Liz Truss has been named as the new leader of the British Conservative Party and Britain’s fourth prime minister in just over six years.
The result, which was widely expected, was announced at 12.30pm following a vote by Conservative Party members last week.
Truss comfortably defeated former Chancellor Rishi Sunak, who had faced the difficult task of convincing the Tory membership to make him Britain’s first non-white Prime Minister.
Once a member of the centrist Liberal Democrats, Truss’s politics has gradually drifted towards populist far-right extremism. She was previously Foreign Minister in the ‘war cabinet’ led by her ousted predecessor, Boris Johnson.
Unionists are among her most avid supporters and it is likely she will maintain her hard pro-unionist line under Johnson. She infamously drafted the legislation, not yet become law, which breaches both the Good Friday Agreement and the Brexit Withdrawal Agreement and paves the way for the reintroduction of a hard border through the island of Ireland.
Even before her victory was confirmed, Truss lived up to her reputation as ‘the human hand grenade’ by once again inflaming tensions with Ireland and the EU over Brexit and its Irish Protocol.
She has little credibility with the British electorate.

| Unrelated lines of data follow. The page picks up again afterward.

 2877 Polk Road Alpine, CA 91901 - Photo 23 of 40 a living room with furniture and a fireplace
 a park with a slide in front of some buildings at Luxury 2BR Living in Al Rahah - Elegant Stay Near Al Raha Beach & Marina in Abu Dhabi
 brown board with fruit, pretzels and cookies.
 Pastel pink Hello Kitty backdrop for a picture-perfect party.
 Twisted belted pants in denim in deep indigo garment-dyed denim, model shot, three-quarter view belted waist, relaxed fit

According to a recent poll, 52% of whom predict she will make a bad Prime Minister while only 12% who think she will be a good one.
Ireland’s foreign affairs minister Simon Coveney said he hopes “the direction of travel” of British-Irish relations can be changed under her premiership.

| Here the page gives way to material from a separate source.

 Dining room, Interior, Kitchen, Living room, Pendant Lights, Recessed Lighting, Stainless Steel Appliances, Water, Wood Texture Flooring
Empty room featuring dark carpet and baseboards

Mr Coveney said he and Taoiseach Micheal Martin were in Oxford recently at the weekend to meet British ministers, and that “everyone was talking about what a Liz Truss premiership would look like... Whether the strident way in which she has brought forward the Northern Ireland Protocol legislation in the UK, which, of course, has created a lot of tension and undermined trust, whether that will continue to be her strategy as prime minister or not.”
Mr Coveney told RTE Radio Ms Truss is a “talented, very energetic politician”.

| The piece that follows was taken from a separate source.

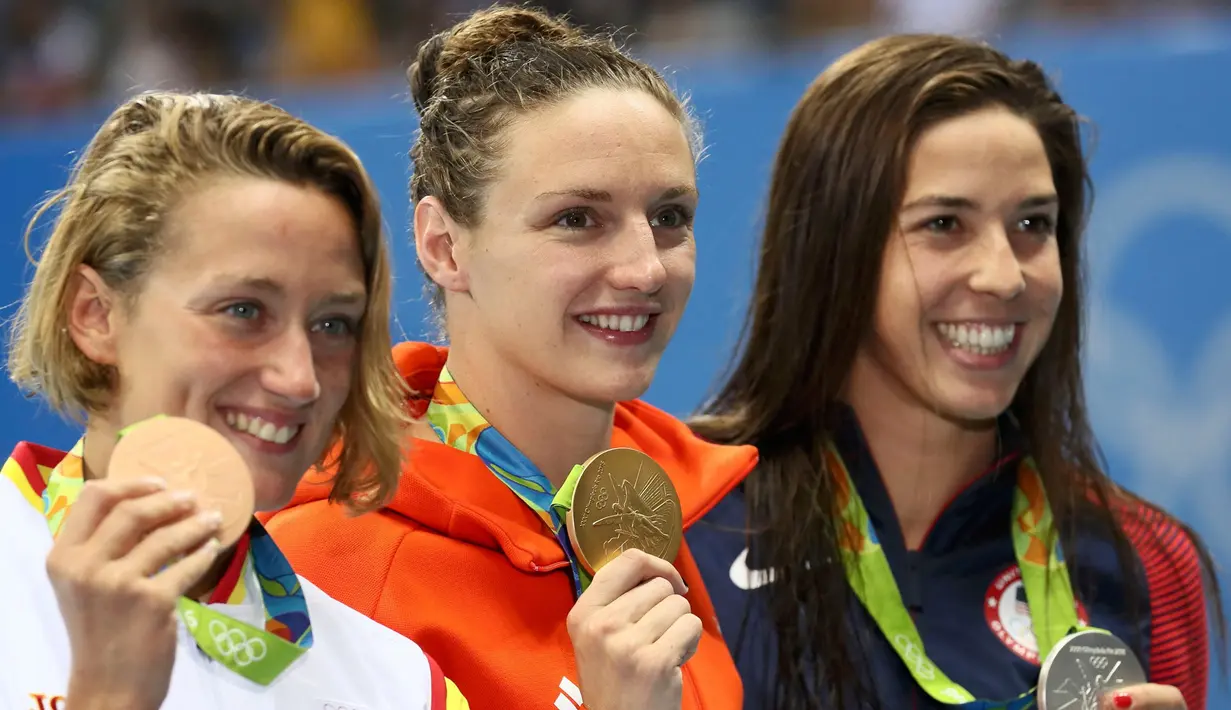 Atlet renang Hungaria, Katinka Hosszú (tengah)  mendapatkan mendali emas dalam 400m renang wanita Olimpiade 2016, Stadium Aquatics, Brasil, (6/8). Wanita dengan julukan 'Iron Lady' mendapat  mendali pertamanya dalam olimpiade. (REUTERS / Stefan Wermuth) 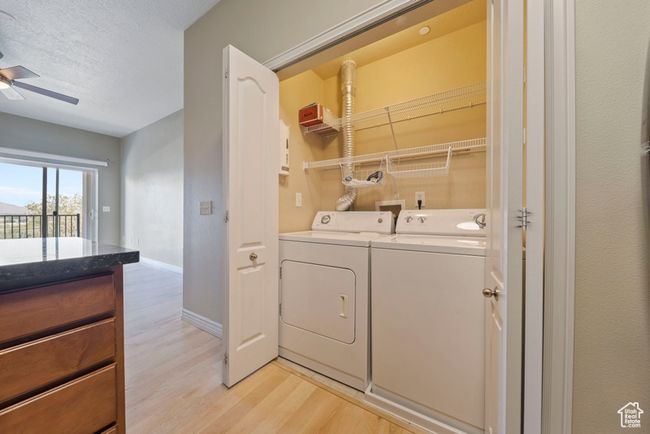 Washroom featuring independent washer and dryer, light wood-type flooring, baseboards, ceiling fan, and a textured ceiling | Image 5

“She is going to be the next prime minister, and we will work with her and her team, but I hope we can change the direction of travel for British-Irish relations that we’ve seen over the last couple of years, which really has been one of tension and standoff on very important issues - predominantly related to Northern Ireland,” he said.
DUP MP Sammy Wilson said Truss “needs to ensure she follows through on her promises over the Protocol”.
Sinn Féin’s John Finucane called on Johnson’s successor to begin work on restoring the Assembly, Executive and north-south bodies.
“The onus is on the new Prime Minister to respect the democratic wishes of the people, to honour international agreements and end the threats to break international law,” said the North Belfast MP.
“Workers and families are struggling. The blockage of government by the DUP, aided and abetted by the Tories, is totally unacceptable and cannot continue. People need our help now.”